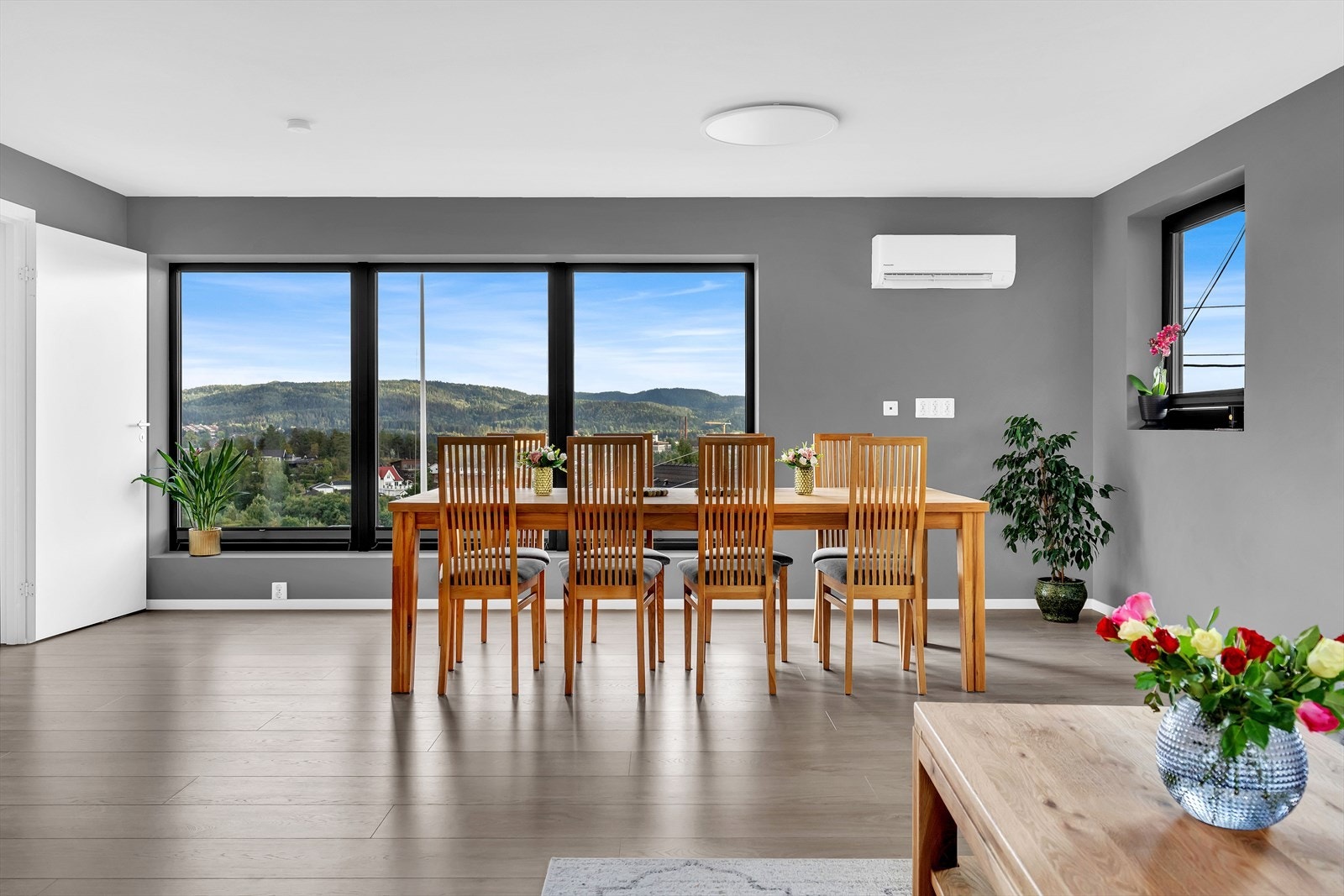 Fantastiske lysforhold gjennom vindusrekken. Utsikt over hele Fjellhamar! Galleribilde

--

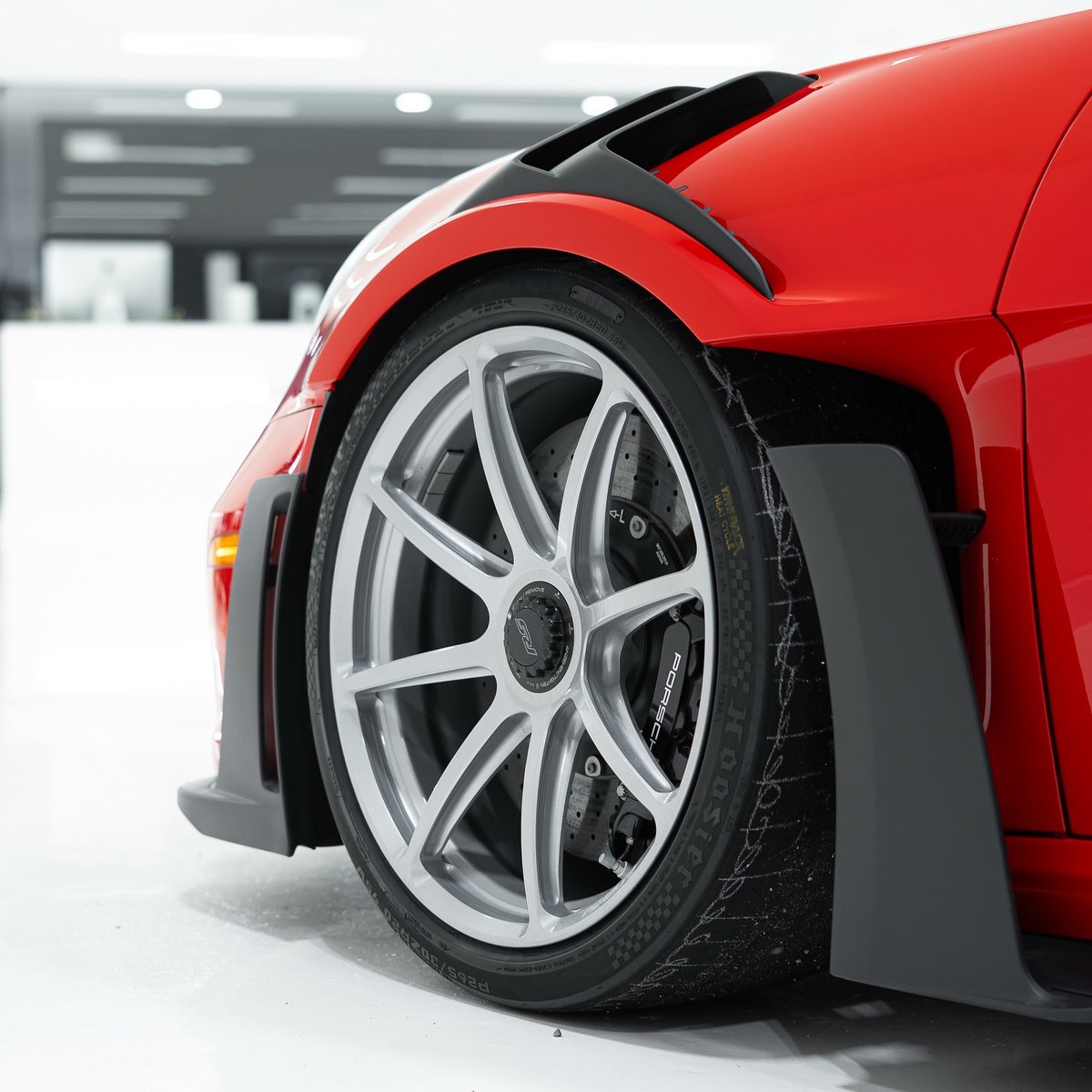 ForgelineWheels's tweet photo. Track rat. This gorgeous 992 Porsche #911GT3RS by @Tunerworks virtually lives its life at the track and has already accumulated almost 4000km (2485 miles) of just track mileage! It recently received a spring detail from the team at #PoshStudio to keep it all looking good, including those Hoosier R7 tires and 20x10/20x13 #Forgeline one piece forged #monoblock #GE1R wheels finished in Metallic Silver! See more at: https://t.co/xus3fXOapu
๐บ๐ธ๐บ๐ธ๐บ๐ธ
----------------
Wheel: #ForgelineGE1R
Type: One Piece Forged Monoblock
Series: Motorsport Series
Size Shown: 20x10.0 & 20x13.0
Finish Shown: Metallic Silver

* _What to do_: Within the material above, the line with "Series: Motorsport Series" opens the range and the line with "Finish Shown: Metallic Silver" closes it; reproduce that range word for word.

* _Response to this task_:
Series: Motorsport Series
Size Shown: 20x10.0 & 20x13.0
Finish Shown: Metallic Silver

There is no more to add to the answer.